Faster R-CNN¶
ConvNet Two-Stage Detector Object Detection
- class lucid.models.FasterRCNN(backbone: Module, feat_channels: int, num_classes: int, *, use_fpn: bool = False, anchor_sizes: tuple[int, ...] = (128, 256, 512), aspect_ratios: tuple[float, ...] = (0.5, 1.0, 2.0), anchor_stride: int = 16, pool_size: tuple[int, int] = (7, 7), hidden_dim: int = 4096, dropout: float = 0.5)¶
FasterRCNN implements the Faster Region-based Convolutional Neural Network, an improvement over Fast R-CNN that introduces a learnable Region Proposal Network (RPN). This architecture eliminates the need for external proposal methods by jointly learning region proposals and object classification in a unified network.

Class Signature¶
class FasterRCNN(nn.Module):
def __init__(
self,
backbone: nn.Module,
feat_channels: int,
num_classes: int,
*,
use_fpn: bool = False,
anchor_sizes: tuple[int, ...] = (128, 256, 512),
aspect_ratios: tuple[float, ...] = (0.5, 1.0, 2.0),
anchor_stride: int = 16,
pool_size: tuple[int, int] = (7, 7),
hidden_dim: int = 4096,
dropout: float = 0.5,
)
Parameters¶
backbone (nn.Module): Feature extraction network applied once per image to produce a feature map.
feat_channels (int): Number of output channels from the backbone’s final feature map.
num_classes (int): Number of object categories (excluding background).
use_fpn (bool, optional): Whether to use Feature Pyramid Network (FPN) for backbone feature extraction. Default is False. When set to True, the user should attach backbone model that supports FPN feature returns.
anchor_sizes (tuple[int, …], optional): Set of anchor box scales used by the RPN. Default is (128, 256, 512).
aspect_ratios (tuple[float, …], optional): Set of aspect ratios for the anchors. Default is (0.5, 1.0, 2.0).
anchor_stride (int, optional): Stride of the anchor generation relative to the backbone feature map.

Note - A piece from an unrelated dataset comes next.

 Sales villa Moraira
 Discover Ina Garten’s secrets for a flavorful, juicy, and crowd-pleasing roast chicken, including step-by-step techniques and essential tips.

Default is 16.
pool_size (tuple[int, int], optional): Spatial size of each RoI feature after pooling. Default is (7, 7).
hidden_dim (int, optional): Number of units in the fully connected head. Default is 4096.
dropout (float, optional): Dropout probability used in the classification and regression head. Default is 0.5.
Architecture¶
Faster R-CNN enhances Fast R-CNN by replacing external proposal mechanisms with a learnable RPN:
Feature Map Extraction:
The image is processed by the backbone to produce a dense feature map.
Region Proposal Network (RPN):
Anchors are placed over the feature map.
The RPN classifies whether each anchor contains an object and regresses its bounding box.
RoI Pooling:
High-confidence proposals are selected and pooled to a fixed size (pool_size).
Detection Head:
Each RoI is processed by fully connected layers for classification and bounding box refinement.
Loss Output:
The model provides a .get_loss() method, returning a structured loss dictionary.
Loss Dictionary¶
class _FasterRCNNLoss(TypedDict):
rpn_cls_loss: Tensor
rpn_reg_loss: Tensor
roi_cls_loss: Tensor
roi_reg_loss: Tensor
total_loss: Tensor
Returned by FasterRCNN.get_loss(), this dictionary provides detailed loss breakdowns for both RPN and RoI heads.
Examples¶
Basic Usage
import lucid.nn as nn
import lucid.random
class SimpleBackbone(nn.Module):
def __init__(self):
super().__init__()
self.conv = nn.Sequential(
nn.Conv2d(3, 64, kernel_size=3, stride=2, padding=1),
nn.ReLU(),
nn.Conv2d(64, 128, kernel_size=3, stride=2, padding=1),
nn.ReLU()
)
def forward(self, x):
return self.conv(x)
backbone = SimpleBackbone()
model = nn.FasterRCNN(backbone, feat_channels=128, num_classes=5)
image = lucid.random.randn(1, 3, 512, 512)
output = model.predict(image)
print(output["boxes"].shape, output["scores"].shape, output["labels"].shape)
Custom Configuration
backbone = SimpleBackbone()
model = nn.FasterRCNN(
backbone=backbone,
feat_channels=128,
num_classes=5,
anchor_sizes=(64, 128, 256),
aspect_ratios=(0.5, 1.0),
pool_size=(5, 5),
hidden_dim=2048,
dropout=0.4,
)
image = lucid.random.randn(1, 3, 384, 384)
output = model.predict(image)
print(output["boxes"].shape, output["scores"].shape, output["labels"].shape)
Tip
For training, use model.get_loss() with the predicted and ground-truth targets to compute total and component-wise loss terms.